WORLD DAY AGAINST THE DEATH PENALTY: HANDS OFF CAIN ‘LETHAL EFFECTS OF THE WAR ON DRUGS. IRAN MADE 89% OF DRUG-CONNECTED EXECUTIONS IN 2015’
October 8, 2015: The World Day Against the Death Penalty, which will occur on October 10, was celebrated today in Rome with a press conference promoted by Iran Human Rights, Amnesty International, Hands off Cain and the Community of Sant’Egidio.
This year, the 13th edition of the World Day focuses on the application of the death penalty for drug-related offences, to reduce its use.
Hands off Cain participated the press conference with an intervention of Marco Perduca, who denounced what he defined “real and proper lethal effects of the war on drugs”.
Perduca, who gave data updated to Sept. 30, said that so far in 2015 at least 615 people were executed in 4 countries for drug related offenses. At least 546 executions took place in Iran, 55 in Saudi Arabia, and 14 in Indonesia. With its number, Iran alone made 89% of all the executions in the world for drug related crimes. As it is known, data from China are kept secret, therefore there is no known number of executions but, according to Hands off Cain, there has been a sharp drop in recent years.
Furthermore, durind 2014 and the first 9 months of 2015 death sentences have been issued (but not carried on) in 9 more countries: Egypt, United Arab Emirates, Kuwait, Malaysia, Pakistan, Qatar, Sri Lanka, Thailand and Vietnam.
Hands off Cain pointed out that sentencing to death someone only for drug offenses goes beyond the limits set up by the international law, where death can be provided only for the most serious crimes, while the United Nations Human Rights Council expressly stated that drug offenses are not to be intended as most serious crimes.

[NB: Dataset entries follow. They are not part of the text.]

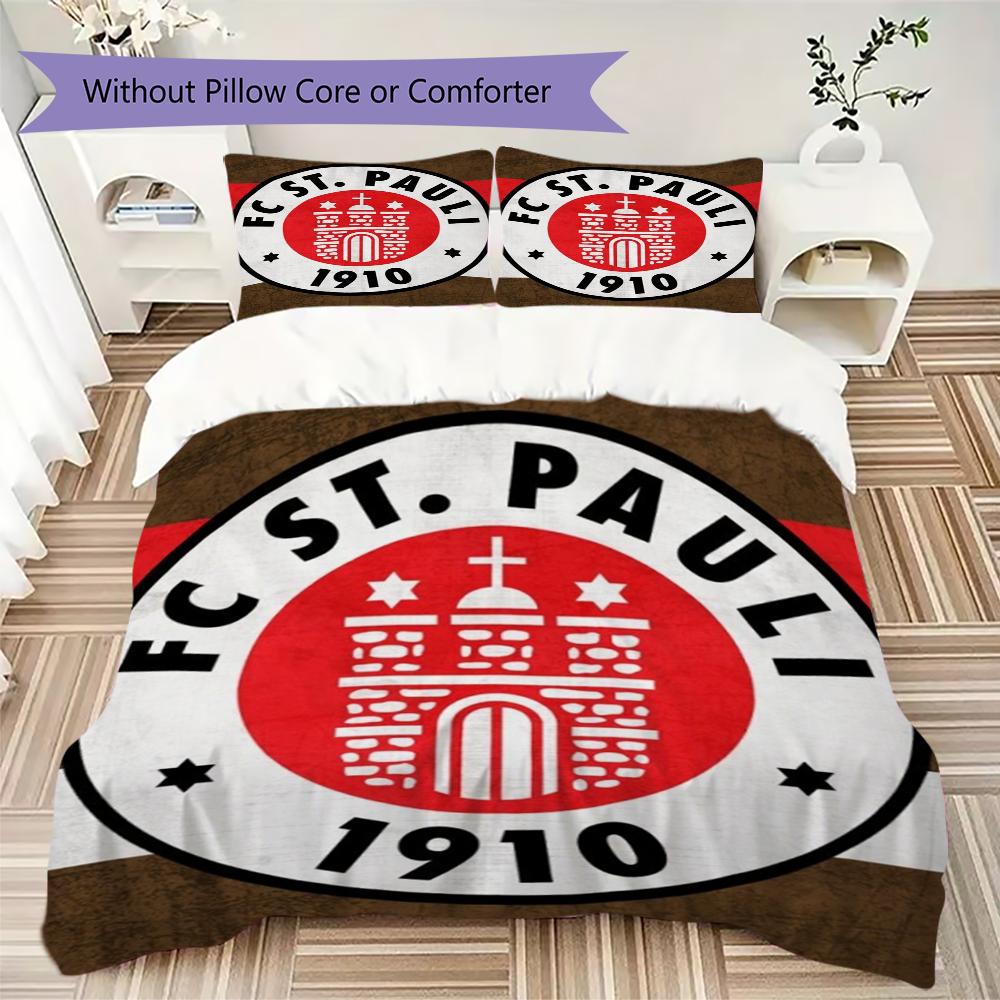S t. Juego de Ropa de Cama Pauli FC Pattern uilt Set uilt Cover Funda de Almohada Decoración del Hogar Regalo de Cumpleaños (1 * funda de edredón + 2 * fundas de almohada sin relleno)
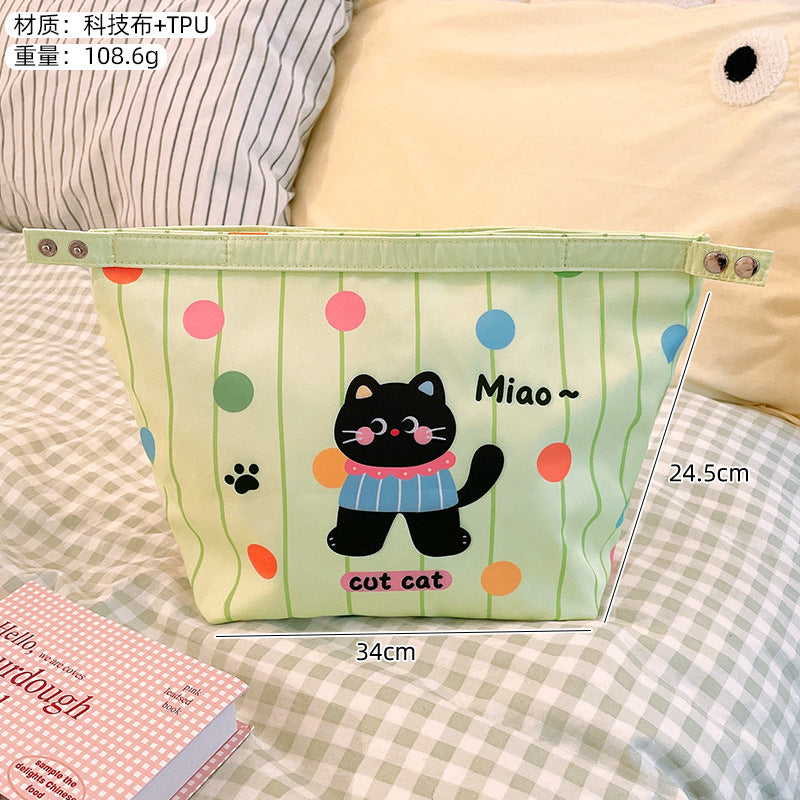 Cute Cat Design Insulated Lunch Bag with Large Capacity for Office and School Use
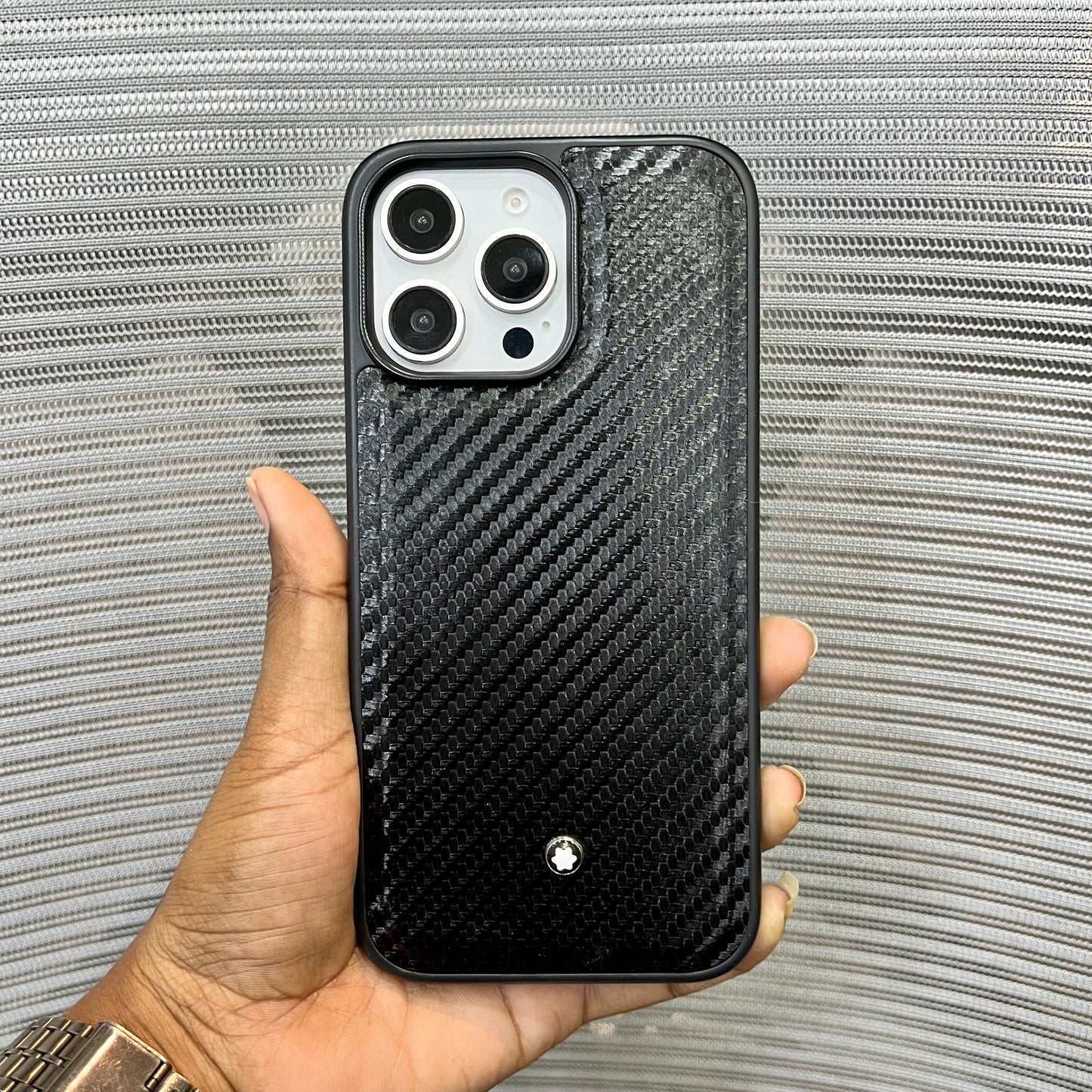 Premium Carbon Fiber Logo iPhone 15 Pro Max Case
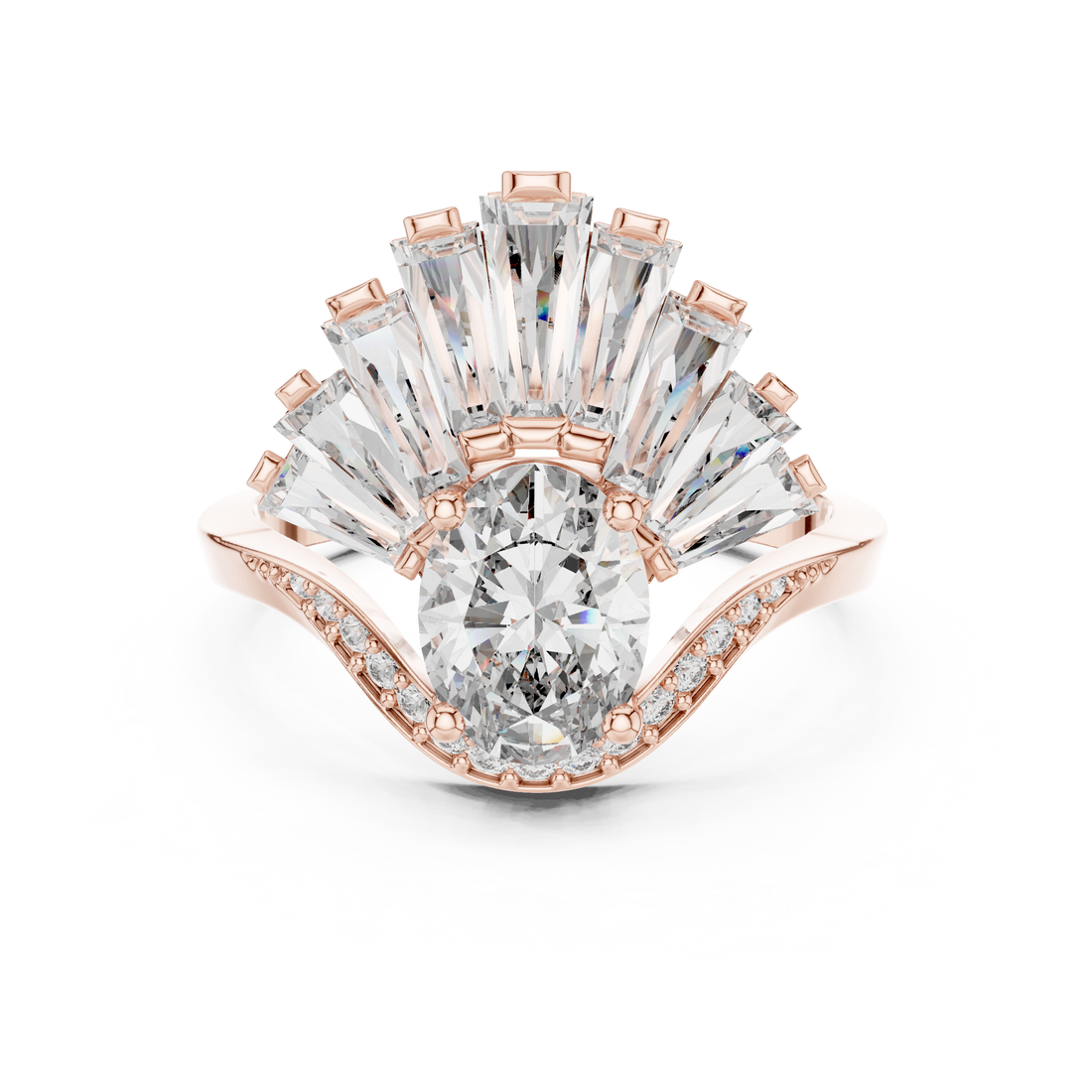 Oval Cut Diamond Halo Ring with Radiant Baguette Fan Crown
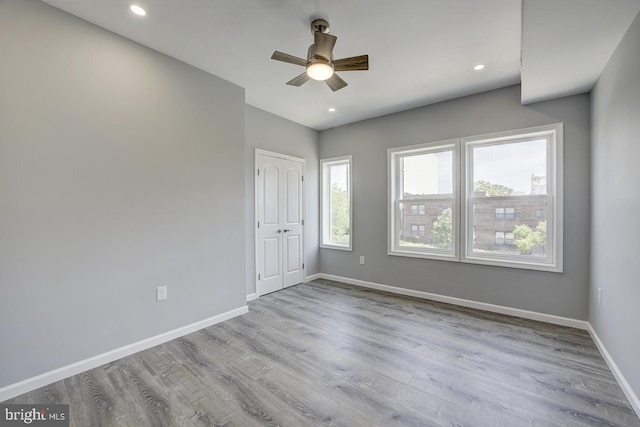 832 19th St NE Unit B, Washington, DC 20002 - unfurnished room featuring baseboards, a ceiling fan, wood finished floors, and recessed lighting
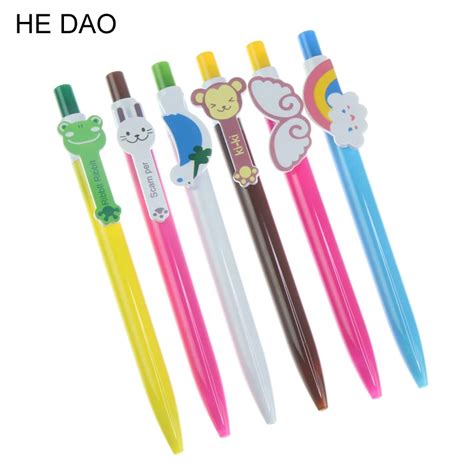 6x Kawaii Cartoon Plastic Ballpoint Pens Cute Lovely Cat Bird Ball Pen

Hands off Cain criticized the standing of the United Nations Office on Drugs and Crime, that on one side condemns the use of death sentences, but on the other side keeps on funding governments like that of Iran, that use the money to arrest, sentence and finally execute alleged drug traffickers.
Grave as well is the policy of some European states such as France, Germany and United Kingdom that have not withdrawn funds, as Denmark and Ireland did, from UNODC programs in Iran or Pakistan, well knowing that those funds are at risk of implementing the practice of the death penalty.